Police seize millions in crime forfeitures

By Hamish McNeilly

Photo / File
Photo / File

Police have seized millions of dollars worth of assets since a tough new law came into force.

Since the Criminal Proceeds (Recovery) Act took effect on December 1, 2009, assets worth an estimated $29 million have been forfeited.

Assets include cash ($10.48 million), properties ($13.67 million) and vehicles ($2 million).

Police Minister Anne Tolley said she was pleased with the impact the Act was having on criminals and their activities.

"We are getting the message across that criminals will be punished for their actions, both by being locked up and by having to hand over any profits from their crimes.

"I think the public will be satisfied that criminals and gangs are being put out of business."
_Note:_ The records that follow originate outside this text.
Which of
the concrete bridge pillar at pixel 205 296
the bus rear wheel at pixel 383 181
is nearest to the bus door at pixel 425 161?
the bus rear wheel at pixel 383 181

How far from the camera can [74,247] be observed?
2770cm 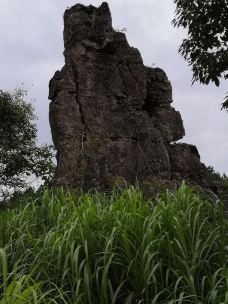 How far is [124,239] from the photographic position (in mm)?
4723

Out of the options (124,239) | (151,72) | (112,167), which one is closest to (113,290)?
(124,239)

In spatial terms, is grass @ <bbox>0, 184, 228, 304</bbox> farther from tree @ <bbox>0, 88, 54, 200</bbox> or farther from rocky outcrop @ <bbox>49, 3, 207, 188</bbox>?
tree @ <bbox>0, 88, 54, 200</bbox>

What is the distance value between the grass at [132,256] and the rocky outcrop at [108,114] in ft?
11.9

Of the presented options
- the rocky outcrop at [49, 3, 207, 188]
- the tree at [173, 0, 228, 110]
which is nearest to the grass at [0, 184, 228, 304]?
the rocky outcrop at [49, 3, 207, 188]

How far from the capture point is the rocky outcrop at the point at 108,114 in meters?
9.28

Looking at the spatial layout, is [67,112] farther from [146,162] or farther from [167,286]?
[167,286]

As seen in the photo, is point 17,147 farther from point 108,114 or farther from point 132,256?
point 132,256

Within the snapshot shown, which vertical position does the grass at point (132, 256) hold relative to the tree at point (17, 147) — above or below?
below

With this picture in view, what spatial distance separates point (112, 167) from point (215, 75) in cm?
333

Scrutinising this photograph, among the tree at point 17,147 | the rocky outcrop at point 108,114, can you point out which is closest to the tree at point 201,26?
the rocky outcrop at point 108,114

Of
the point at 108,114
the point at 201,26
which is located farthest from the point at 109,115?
the point at 201,26

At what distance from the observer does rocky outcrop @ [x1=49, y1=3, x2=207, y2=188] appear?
30.5ft

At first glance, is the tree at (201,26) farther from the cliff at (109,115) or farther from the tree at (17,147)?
the tree at (17,147)

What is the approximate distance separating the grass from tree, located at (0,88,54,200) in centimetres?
1094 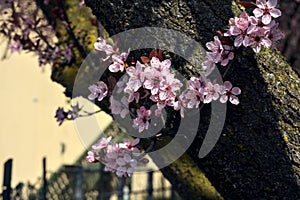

Figures released to the Otago Daily Times under the Official Information Act show 14 assets with an estimated value of $862,105.22 have been forfeited in the Southern District.

That includes $115,000 in cash/bank accounts, $23,305 from a commercial property, $648,800.22 from four residential properties, and $75,000 in profit forfeiture orders.

One property forfeited to the Crown was the former Mongrel Mob gang pad in Middleton Rd, Corstorphine, the first property seized by Southern police and the second in New Zealand.

The property, which had a rateable value of $195,000, was later sold at auction for $74,000.

The value of assets forfeited in the Southern District was ahead of six other police districts, including Auckland, but behind Waikato ($7.4 million) Bay of Plenty ($3.4 million) and Counties Manukau ($1.8 million).

More than $9.1 million of the total amount forfeited had been referred to police from external agencies.

Mrs Tolley said the Act was clearly a deterrent for criminals as "their boats, cars, motorbikes, properties, and cash aren't going to be waiting for them when they are released from prison".

"There is no benefit for these people getting involved in crime, and they are getting exactly what they deserve. It's only a matter of time before the police catch up with them."